While I chuckle at the quote from Caputo and nod in agreement with Leonard now, I also weep from my experience, and the experience of so many others, for whom the false doctrine of the “rapture” has caused so much religious trauma.

I can’t remember how old I was when our pastor decided to do a sermon series on Revelation, but that series, which was heavily influenced by the crap theologies of dispensationalism, tribulationism, millenarianism, and junk pop Christian hits like Left Behind, deeply traumatized my developing brain.

The God proclaimed from the pulpit was one of hate and rage, callously subjecting millions of people to torture and pain, and then throwing them into eternal fire. And because of an extreme emphasis on such concepts as the “unpardonable sin,” and those who think they’re Christian but really aren’t, people for whom their conversion wasn’t true or deep enough, coupled with an active suppression and repression of any doubt or questions, I was led to deeply troubling questions.

How can I be sure I won’t be left behind?

How can I be sure that God loves me?

How can I be sure I was one of the elect?

So I lived in torment and trauma.

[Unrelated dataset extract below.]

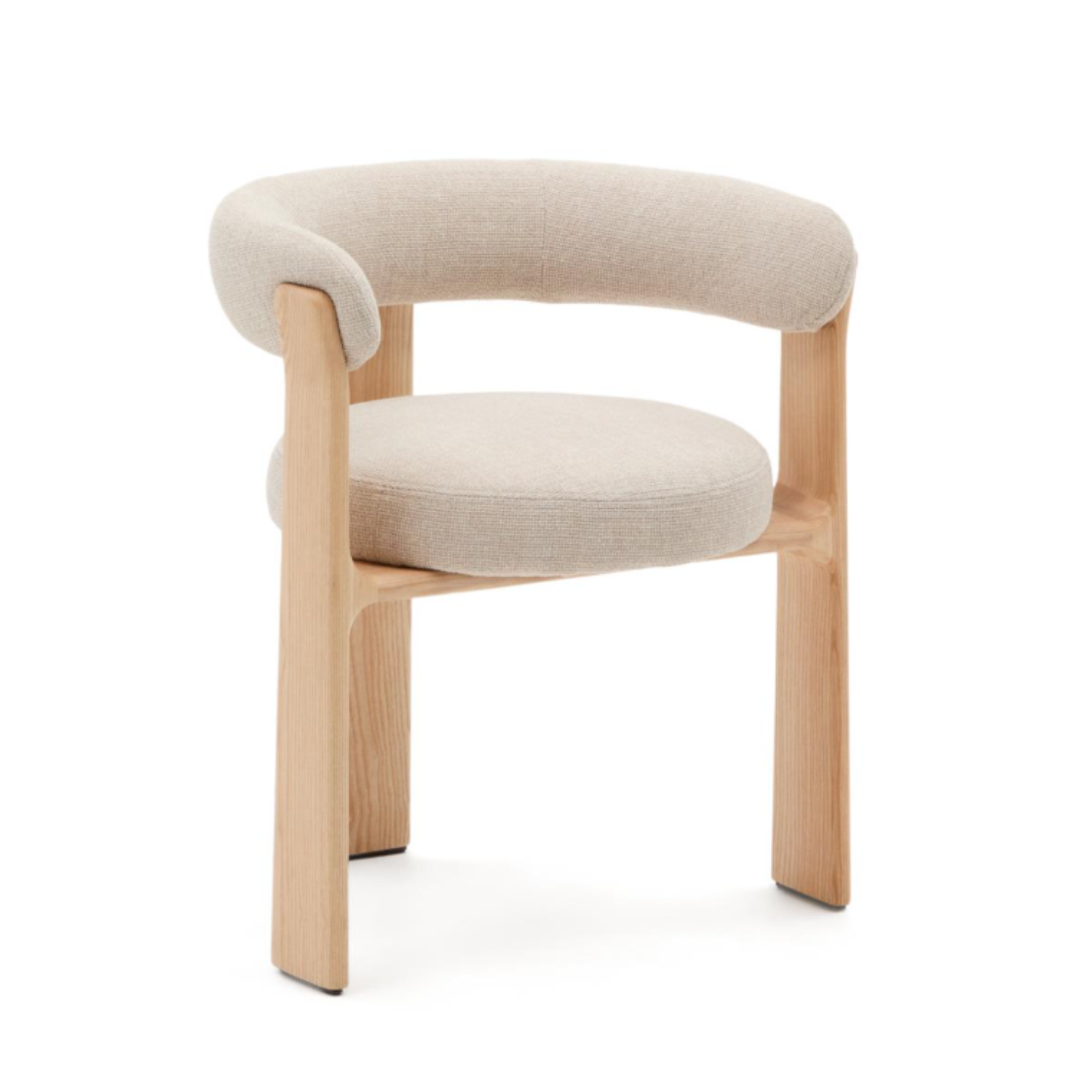 Chair with armrests Granite beige szenil with a wooden base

Will the earth open up and swallow me into hell? Will I be left behind because of my doubts (cause clearly they prove I’m not Christian)? Will God torment me for all of eternity?

I recall what felt like an almost nightly routine of waking in the middle of the night and being frightened by the silence in the house. I would then wander down the hall to check in my parents’ room to make sure that they were still there; that the rapture hadn’t happened and that I had been left behind.

My God, what trauma!

I swear that not one theology has done more harm to Christians and to the perception of religion as a whole than this unorthodox, unbiblical belief.

It casts God as a capricious, vengeful being that joys in the torment of his (intentional gendered language here) creation. Whereas the Bible, and mystical religion in general, pictures the Divine as a lover, or as a mother caring for her children at her bosom.

I have to admit I’m still bitter about the prevalence of these kinds of horrible theology in my upbringing, and the harm, deep trauma, they caused in my life and the lives of so many. I just hope we can learn to do better, and that eventually those who ascribe to such “theologies” will eventually see them for what they are, abusive tools of control and not creations of love.